- TASK REQUIREMENTS:
An exact, picture-free copy of the listing is required.

- RECORDED DATA:
────────────────────

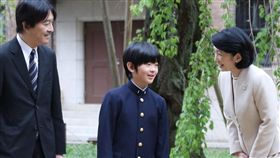 秋篠宮文仁親王與文仁親王妃紀子及獨子悠人親王。（圖／翻攝自推特）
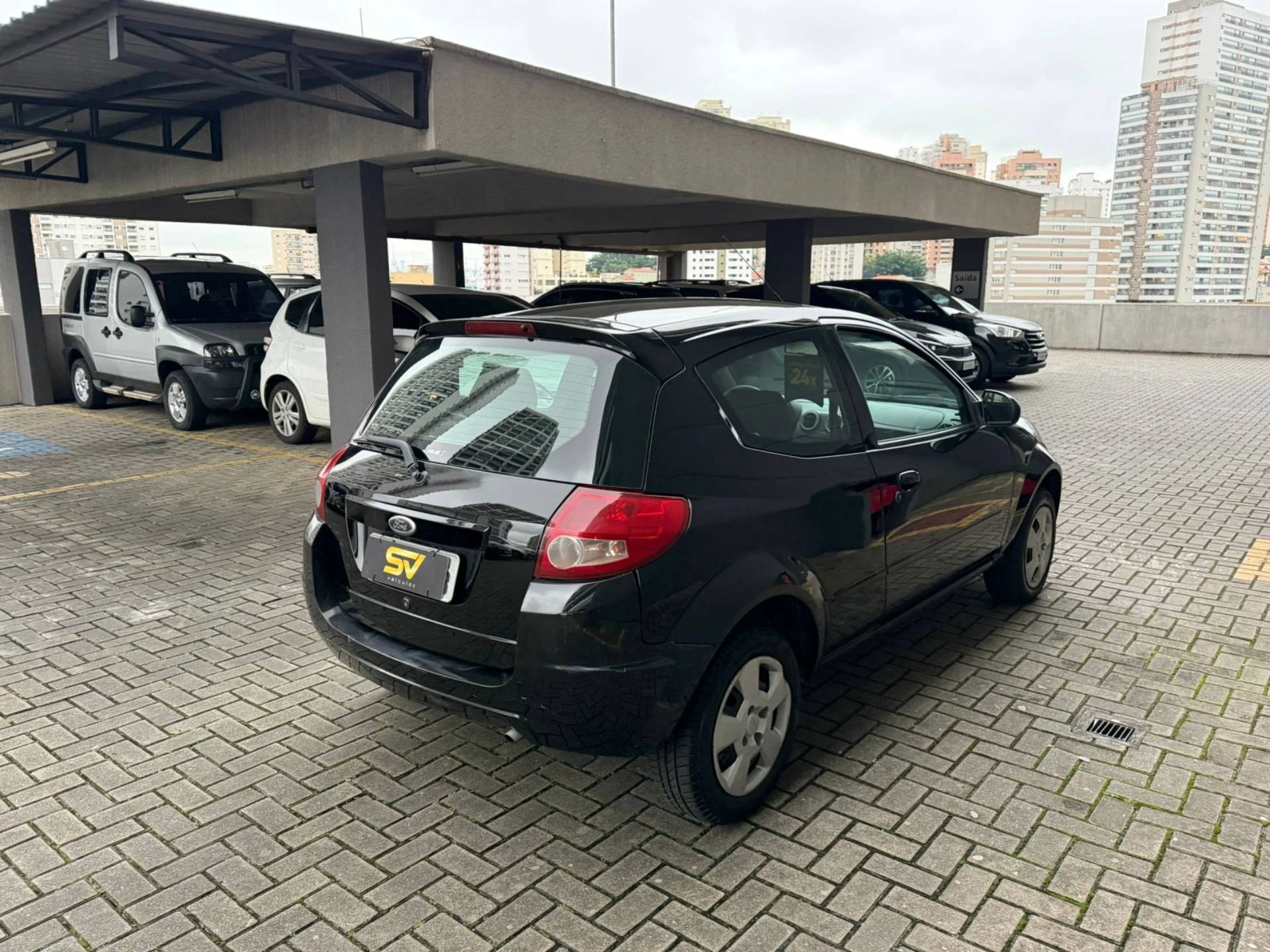FORD KA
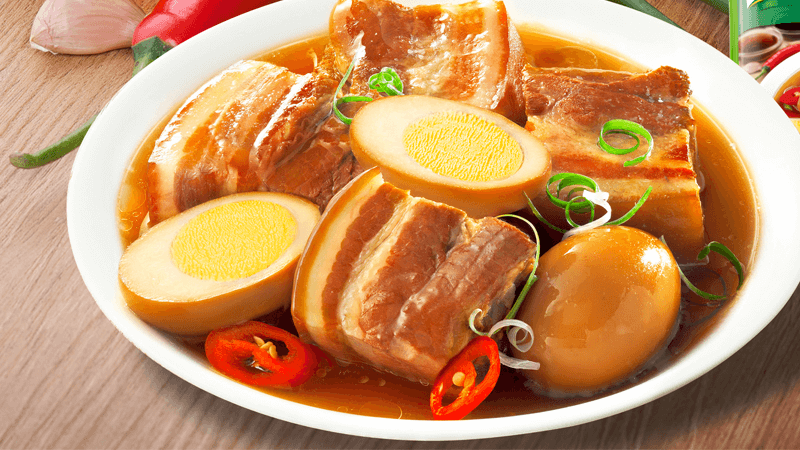 Thịt kho nước dừa. (Ảnh: Sưu tầm Internet)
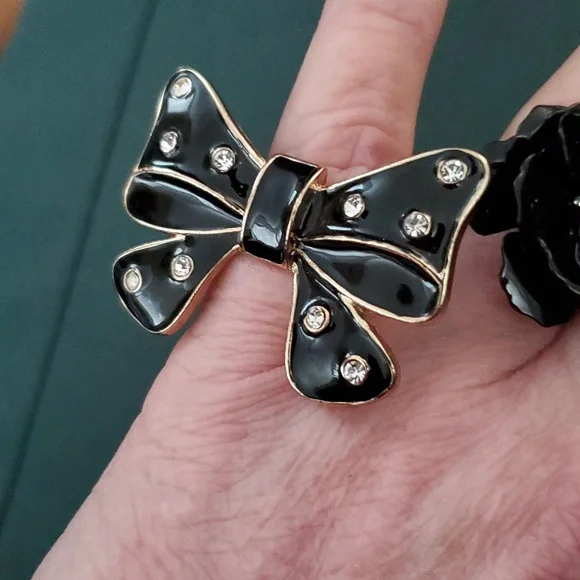 4 Rings - Picture 2 of 6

────────────────────

- ANSWER SPACE:
 秋篠宮文仁親王與文仁親王妃紀子及獨子悠人親王。（圖／翻攝自推特）
FORD KA
 Thịt kho nước dừa. (Ảnh: Sưu tầm Internet)
 4 Rings - Picture 2 of 6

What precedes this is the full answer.